I'm doing a practical on finding out the percentage of acetylsalicylic acid in aspirin tablets. I know exactly how to carry out the calculations, only my final answer is over 100% which is obviously wrong. Either my lab results are incorrect, or there's something I'm missing.
I did this using back titration. I poured 25 ml^3 NaOH and the same amount of distilled water onto 1.46 grams of aspirin tablets. After hydrolising (heating it on a burner for 10 minutes), I poured the unused NaOH into a 250 ml^3 flask and made up to mark with distilled water.
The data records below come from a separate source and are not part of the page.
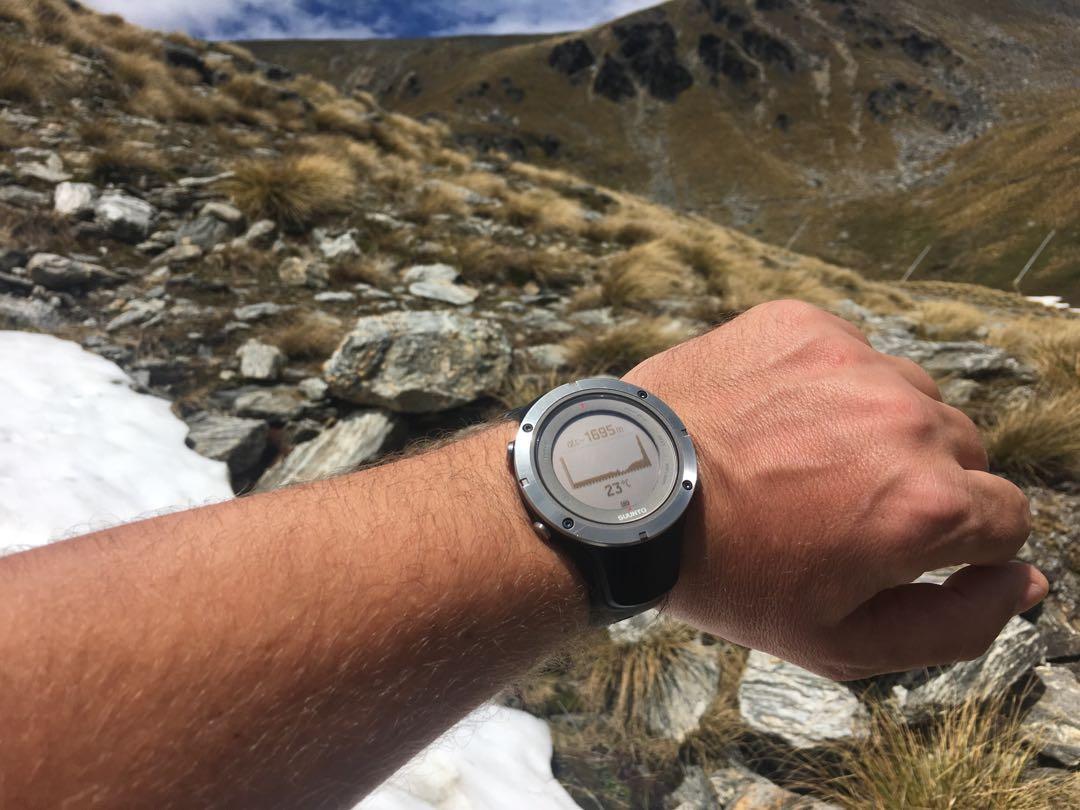 Suunto ambit3 2025 peak sapphire hr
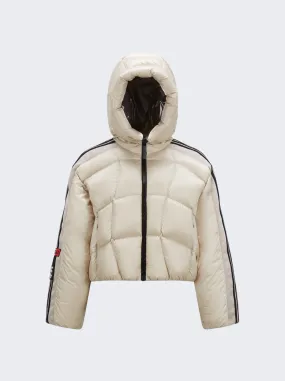 Moncler   X Adidas Fusine Jacket Natural 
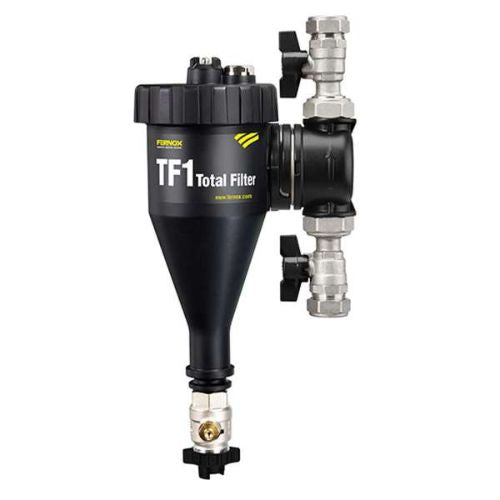 FERNOX TF1 total filter for heating system 28mm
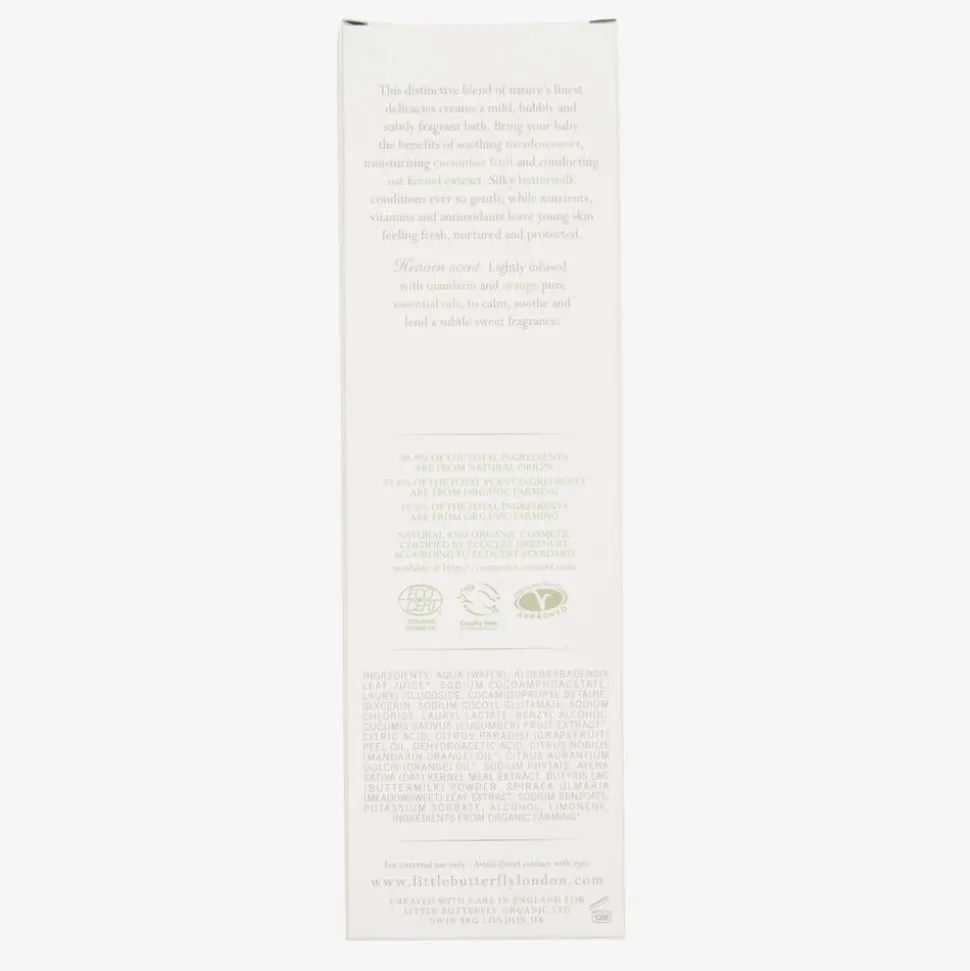 Organic Top To Toe Wash (200ml)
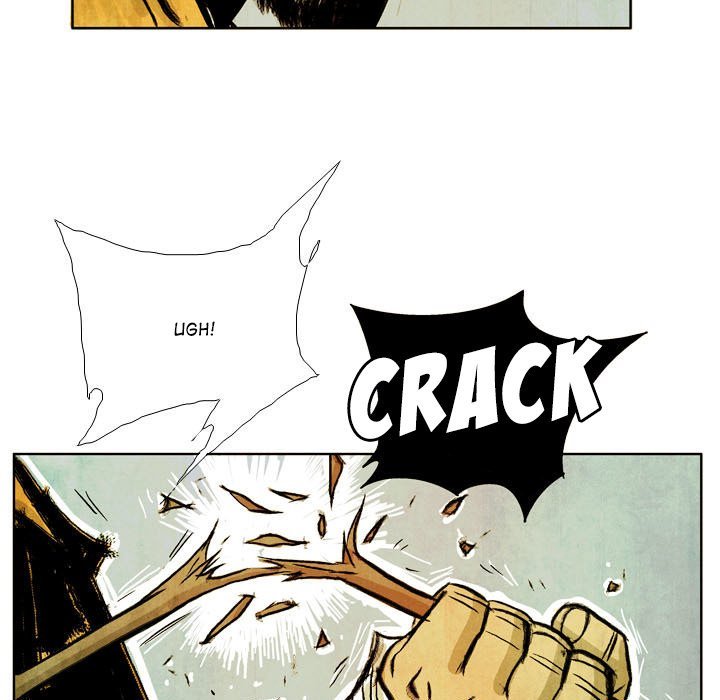 The Sword Clan Manhwa - Chapter 47 Page 48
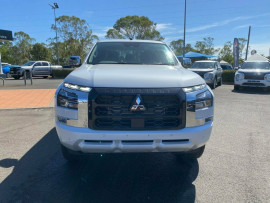2024 MY25 Mitsubishi Triton MV GLS Ute image 2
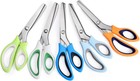 Professional 9 Inch Pinking Shears Zig Zag Scissors For Fabric Cutting Diy New
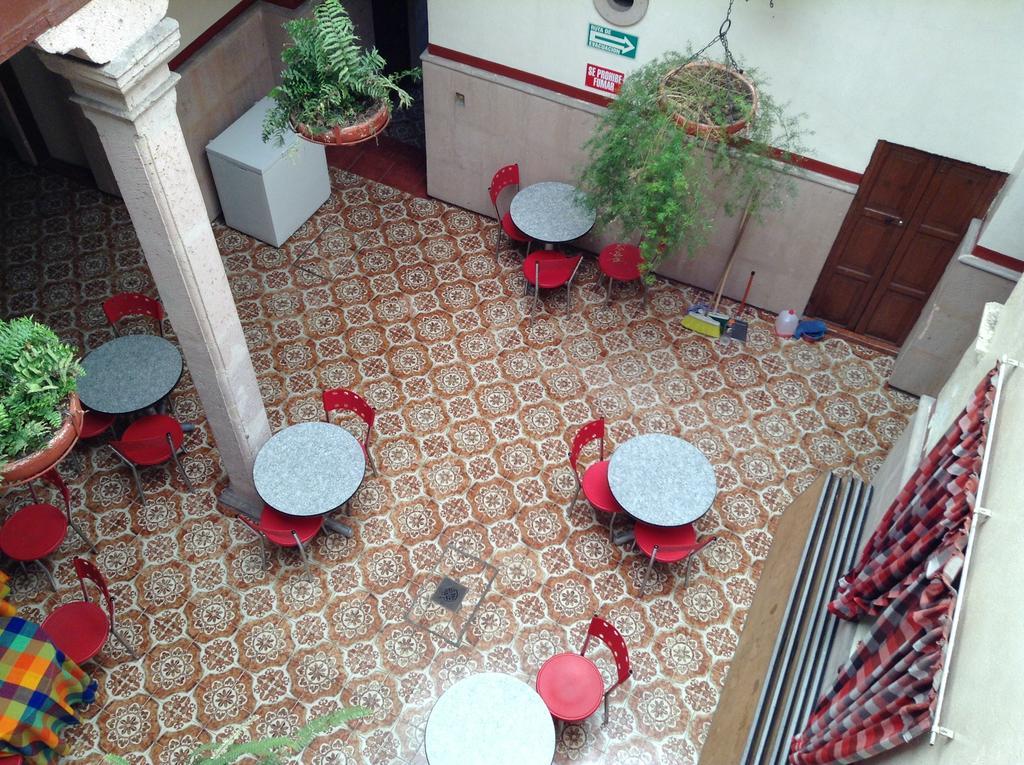 Hotel Atilanos Morelia Exteriör bild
Then I titrated 25 ml^3 of that solution against HCl of .1 [M] to figure out the volume of that unused NaOH, so I can substract it from the original amount and from an equation find out how much acetylsalicylic acid was used.
My experiment came out to an average of 1.1 ml^3 of HCl. Since the ratio between the two is 1:1, the moles of HCl are .1 x .0011 = .00011, which = the moles of unused NaOH. There was originally .025 moles of NaOH in the solution, therefore .025-.00011=.02489 moles of NaOH were used up in the hydrolysis. From the original equation, the ratio between NaOH and acetylsalicylic acid is 2:1, so that amount of moles / 2 = .012445 moles of the acid. To find the mass, I multiplied that by 180 (molar mass of the acid) and got 2.24. However, the original mass of the aspirin was 1.46! How can I end up with more than i started? What am I doing wrong?